Le rinçage simple à l’eau ne suffit pas pour un radiateur resté longtemps hors service. Un désembouage chimique ou hydrodynamique est plus fiable pour décoller les dépôts adhérents aux parois internes de la fonte.
Corrosion et micro-fuites invisibles
La fonte résiste bien à la corrosion dans un circuit fermé et entretenu. En revanche, un radiateur vidangé puis stocké dans un environnement humide subit une oxydation interne accélérée. Les points de corrosion peuvent ne pas être visibles de l’extérieur.
La seule méthode fiable consiste à mettre le radiateur sous pression d’eau (épreuve hydraulique) avant l’installation définitive. Remplir le radiateur, fermer les sorties, monter en pression et observer pendant plusieurs heures permet de détecter les suintements aux joints entre éléments ou les micro-perforations de la fonte. Un radiateur qui suinte sous épreuve ne doit pas être installé sans remplacement des joints défaillants ou exclusion des éléments percés.

Fixation murale d’un radiateur en fonte lourd : mur porteur, cloison et consoles
Le type de mur conditionne directement la faisabilité d’une fixation murale. Un mur porteur en pierre ou en béton supporte sans difficulté un radiateur de plus de 100 kg avec des consoles adaptées et un chevillage chimique. Une cloison en plaques de plâtre, même doublée, ne le peut pas.

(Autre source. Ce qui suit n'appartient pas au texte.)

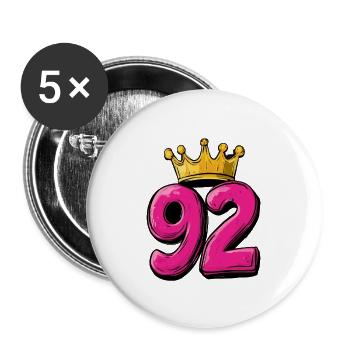 92 Nombre Couronne - Lot de 5 grands badges (56 mm) - blanc - Devant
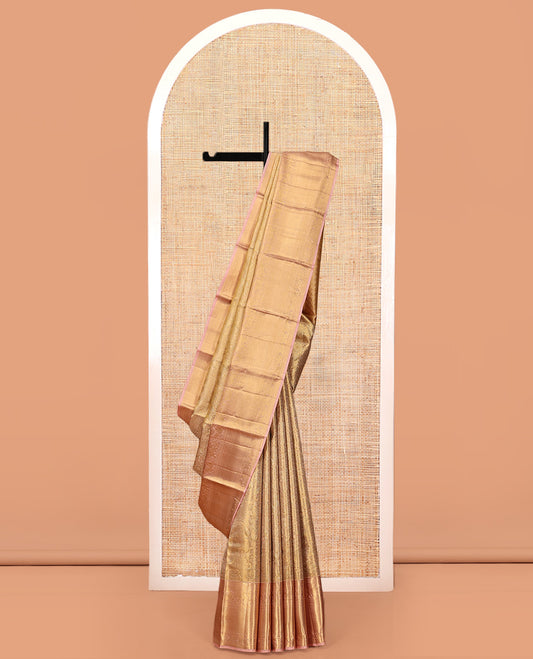 Gold Kanchipuram Tissue Silk Saree, Woven with Jacquard, Complemented by Contrast Zari Border of  Thilakam, Kathir, Mayil, Yaanai, Kuyil Kann, and Kodi Visiry, Jaal Pallu, and Contrast Blouse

Sur une cloison légère, deux options se présentent :
- Reporter la charge au sol avec des pieds de radiateur en fonte, en les fixant à travers le revêtement jusqu’à la dalle ou la solive.

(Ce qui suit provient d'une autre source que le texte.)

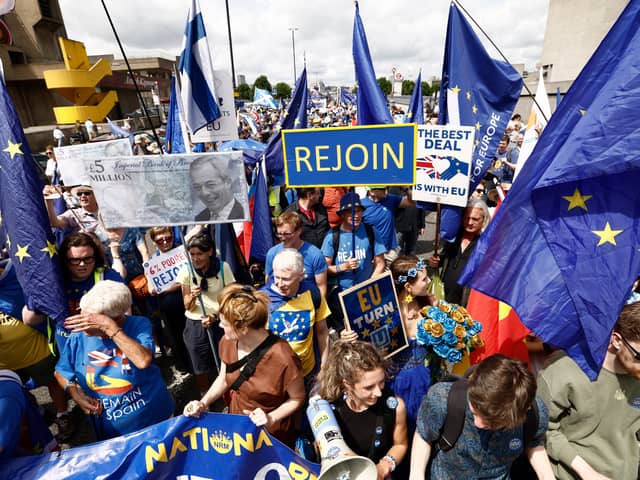 Pro-EU demonstrators attend a rally in London in June this year to mark the tenth anniversary of the Brexit referendum (Picture: Brook Mitchell)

- Renforcer la cloison par un panneau de contreplaqué vissé dans l’ossature métallique, puis fixer les consoles dans ce panneau. Cette solution fonctionne pour des radiateurs de poids modéré.
- Déplacer le radiateur vers un mur porteur, même si cela impose un allongement du circuit hydraulique. Le surcoût de tuyauterie reste inférieur au coût d’un effondrement de cloison.
Les consoles doivent être dimensionnées pour la charge totale en fonctionnement (radiateur plein d’eau), pas pour le poids à vide. Trop de fixations sont calculées sur la masse du radiateur sec, ce qui sous-estime la contrainte réelle de plusieurs dizaines de kilos.
Purge et mise en service après réinstallation d’un radiateur en fonte
Une fois le radiateur fixé et raccordé, la mise en eau demande de la méthode. Ouvrir la vanne et purger une fois ne suffit pas sur un radiateur récupéré. L’air emprisonné dans les colonnes de fonte, surtout les modèles à nombreux éléments, met du temps à remonter vers le purgeur.
Après le remplissage initial du circuit, une première purge évacue l’air principal. Une seconde purge 24 à 48 heures après la mise en route est nécessaire pour éliminer les poches d’air résiduelles qui se forment à mesure que l’eau monte en température. Cette étape, souvent omise, explique beaucoup de cas de radiateurs en fonte qui chauffent mal en partie haute après réinstallation.
Surveiller la pression du circuit dans les jours qui suivent la mise en service permet aussi de repérer une fuite lente au niveau des raccords ou des joints entre éléments, problème fréquent sur un radiateur ancien dont les joints ont été repositionnés.
Le poids d’un radiateur en fonte récupéré n’est pas qu’une donnée logistique pour la manutention. C’est le paramètre qui détermine la faisabilité structurelle de la pose, le choix des fixations et la pérennité de l’installation. Sous-estimer cette charge, ou négliger l’état interne du radiateur, transforme une opération de réemploi économique en source de désordres coûteux sur le plancher, les murs ou le circuit de chauffage.